Abstract

The Poplar Mountain gold occurrence in western New Brunswick is hosted in the Poplar Mountain volcanic complex (PMVC), which is located along the southern segment of the regional Woodstock fault zone. The PMVC consists of three principal units including, in ascending order, a porphyritic felsic volcanic unit, a volcaniclastic unit, and a mafic volcanic unit. U–Pb dating of zircon indicates that the age of the volcanic rocks is younger than 459 ± 3 Ma, and 40Ar/39Ar dating of mineralization-associated sericite indicates that the age of mineralization is 411 ± 3.7 Ma. Gold-mineralized zones occur in all the lithologic units but mainly in the porphyritic felsic volcanic unit. Gold zones are not controlled by individual faults but are characterized by high-density brittle fracturing, thin carbonate-quartz veining, and intensive ankerite–sericite alteration, superimposed on an earlier chlorite–calcite –quartz alteration. Gold is associated with arsenopyrite, which mostly occurs as disseminations in the host rocks, and to a lesser extent with quartz–carbonate–sericite veins and quartz-cemented breccias.

Geochemical data indicate that mineralization-associated alteration is characterized by enrichment of K, Rb, Cs, Ca, Sr, Ba, As, Sb, W, C, and S. Fluid inclusion data indicate that the mineralizing fluids are composed of H2O, salts, and CO2 with variable amounts of N2 and CH4; salinities range from 2.3 to 10.6 eq. wt.% NaCl, but mainly from 2.3 to 5.6 eq. wt.% NaCl, and homogenization temperatures lie mainly between 220° and 270°C. Fluid pressures at the site of mineralization are estimated to have been 770 to 1200 bars, corresponding to a depth of 2.9 to 4.6 km at lithostatic pressure. The δ18Osmow and δ13Cpdb values of mineralization-related ankerite range from +14.5‰ to +16.5‰, and −6.8‰ to −8.3‰, respectively. The δ18O values of the ore-forming fluids are estimated to be 6.4‰ to 8.3‰ at a temperature of 250°C. These carbon and oxygen isotope data fall in the field of magmatic fluids and in part the field of metamorphic fluids.

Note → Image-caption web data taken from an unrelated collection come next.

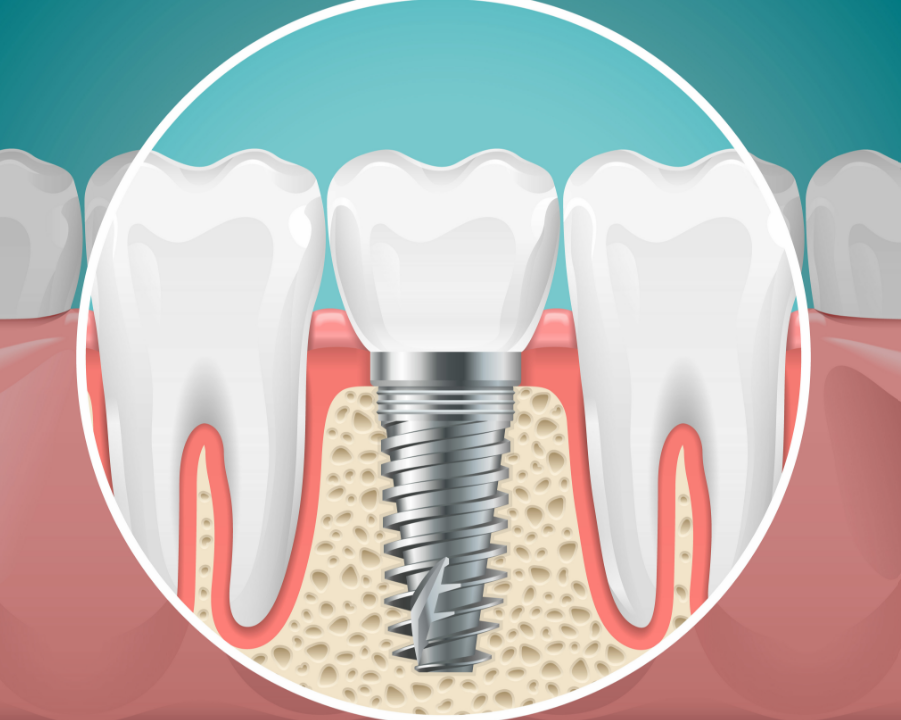 Illustrated cross section of a dental implant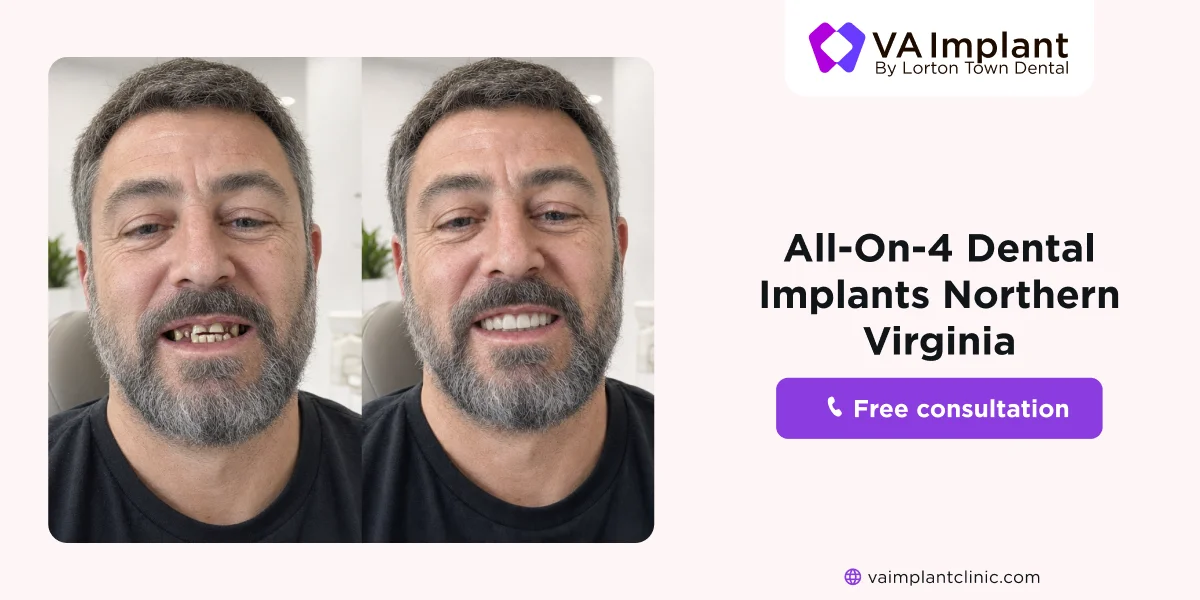 all on 4 dental implants in northern virginia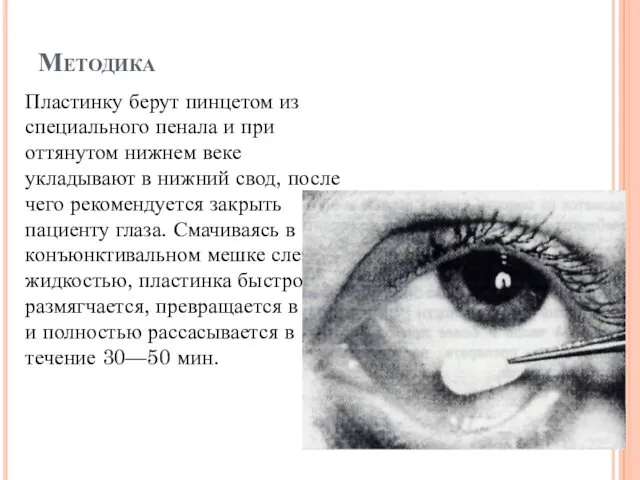 Методика Пластинку берут пинцетом из специального пенала и при оттянутом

Considering the geological setting of the region, abundant granitic intrusions, the similarity between the age of mineralization (411 ± 3.7 Ma) and the nearby Pokiok batholith (402–415 Ma), and the enrichment of granophile elements in mineralization-related alteration, the ore-forming fluids were probably derived from a granitic intrusion underneath the PMVC. These fluids were focused along structures related to the Woodstock fault. The Poplar Mountain gold occurrence might be compared to some granitic intrusion-related gold systems based on the geochemical data presented herein.